AnalysisException: ‘org.apache.hadoop.hive.ql.metadata.HiveException: MetaException(message:java.security.AccessControlException: Permission denied: user=isusmitabiswas3880, access=WRITE, inode="/":hdfs:hdfs:drwxr-xr-x\n\tat org.apache.hadoop.hdfs.server.namenode.FSPermissionChecker.check(FSPermissionChecker.java:319)\n\tat org.apache.hadoop.hdfs.server.namenode.FSPermissionChecker.checkPermission(FSPermissionChecker.java:219)\n\tat org.apache.hadoop.hdfs.server.namenode.FSPermissionChecker.checkPermission(FSPermissionChecker.java:190)\n\tat org.apache.hadoop.hdfs.server.namenode.FSDirectory.checkPermission(FSDirectory.java:1955)\n\tat org.apache.hadoop.hdfs.server.namenode.FSDirectory.checkPermission(FSDirectory.java:1939)\n\tat org.apache.hadoop.hdfs.server.namenode.FSDirectory.checkPathAccess(FSDirectory.java:1913)\n\tat org.apache.hadoop.hdfs.server.namenode.FSNamesystem.checkAccess(FSNamesystem.java:8750)\n\tat org.apache.hadoop.hdfs.server.namenode.NameNodeRpcServer.checkAccess(NameNodeRpcServer.java:2089)\n\tat org.apache.hadoop.hdfs.protocolPB.ClientNamenodeProtocolServerSideTranslatorPB.checkAccess(ClientNamenodeProtocolServerSideTranslatorPB.java:1466)\n\tat org.apache.hadoop.hdfs.protocol.proto.ClientNamenodeProtocolProtos$ClientNamenodeProtocol$2.callBlockingMethod(ClientNamenodeProtocolProtos.java)\n\tat org.apache.hadoop.ipc.ProtobufRpcEngine$Server$ProtoBufRpcInvoker.call(ProtobufRpcEngine.java:640)\n\tat org.apache.hadoop.ipc.RPC$Server.call(RPC.java:982)\n\tat org.apache.hadoop.ipc.Server$Handler$1.run(Server.java:2351)\n\tat org.apache.hadoop.ipc.Server$Handler$1.run(Server.java:2347)\n\tat java.security.AccessController.doPrivileged(Native Method)\n\tat javax.security.auth.Subject.doAs(Subject.java:422)\n\tat org.apache.hadoop.security.UserGroupInformation.doAs(UserGroupInformation.java:1866)\n\tat org.apache.hadoop.ipc.Server$Handler.run(Server.java:2345)\n);’

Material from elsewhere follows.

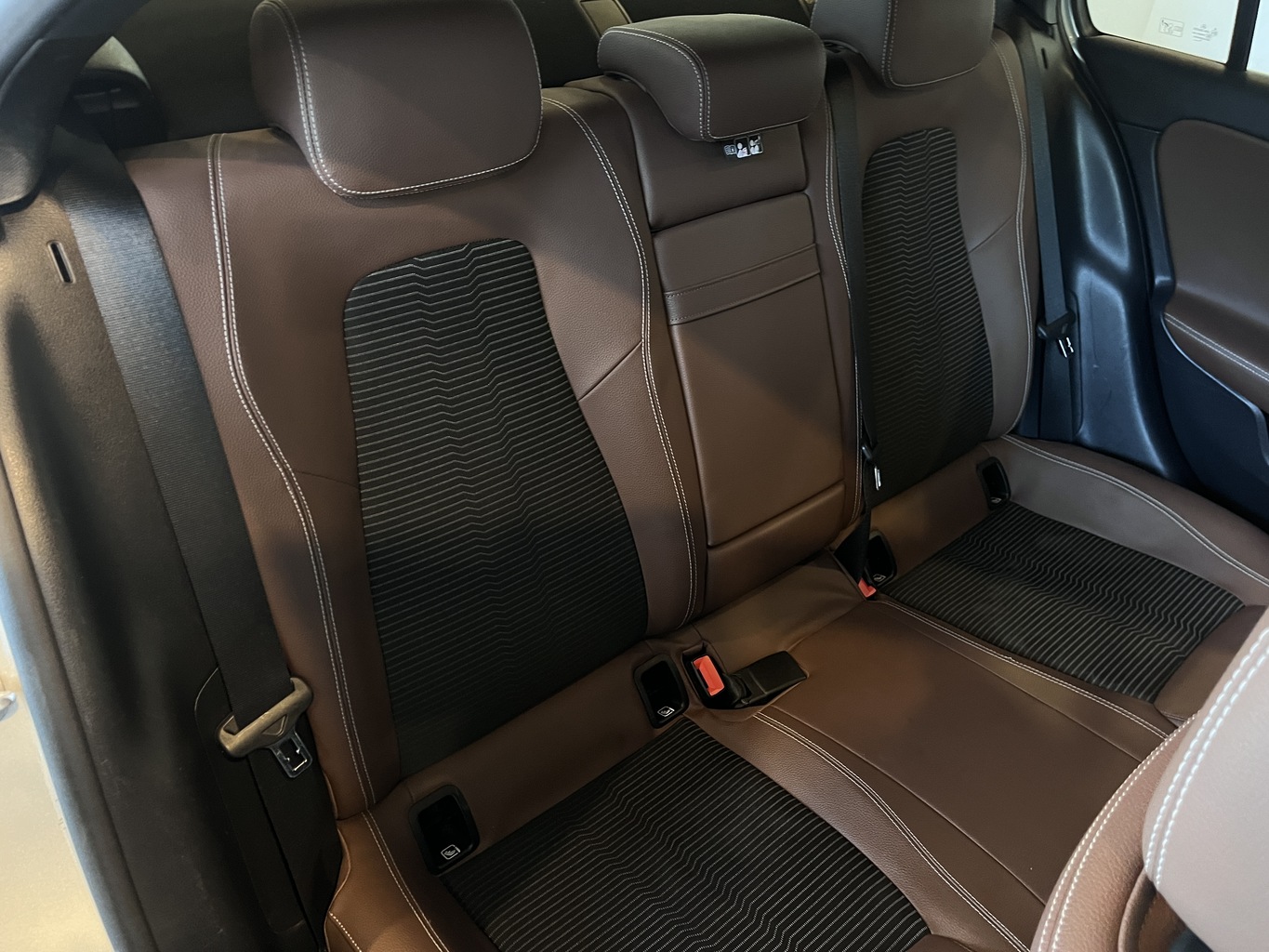 MERCEDES-BENZ A160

while I am trying to execute below code
import findspark
findspark.init(’/usr/spark2.4.3’)
import os
import sys

os.environ[“SPARK_HOME”] = “/usr/spark2.4.3”
os.environ[“PYLIB”] = os.environ[“SPARK_HOME”] + “/python/lib”

os.environ[“PYSPARK_PYTHON”] = “/usr/local/anaconda/bin/python”
os.environ[“PYSPARK_DRIVER_PYTHON”] = “/usr/local/anaconda/bin/python”
sys.path.insert(0, os.environ[“PYLIB”] +"/py4j-0.10.7-src.zip")
sys.path.insert(0, os.environ[“PYLIB”] +"/pyspark.zip")
from os.path import abspath
from pyspark.sql import SparkSession
warehouse_loc = abspath(‘spark-warehouse’)
spark = SparkSession.builder.appName(“Spark SQL basic example”).config(‘spark.sql.warehouse.dir’, warehouse_loc).enableHiveSupport().getOrCreate()
spark.sql(“create database if not exists employee_db”)

Please share your reply asap.

Hey Susmita,

The error you are facing is a permission error as you do not have write permission in the root directory of hdfs. Also, spark SQL takes the HDFS path instead of the local path. So, you can modify the variable warehouse_loc as:

warehouse_loc = "/user/<<your_username>>/spark-warehouse"

Make sure to create spark-warehouse directory in your HDFS home directory before it.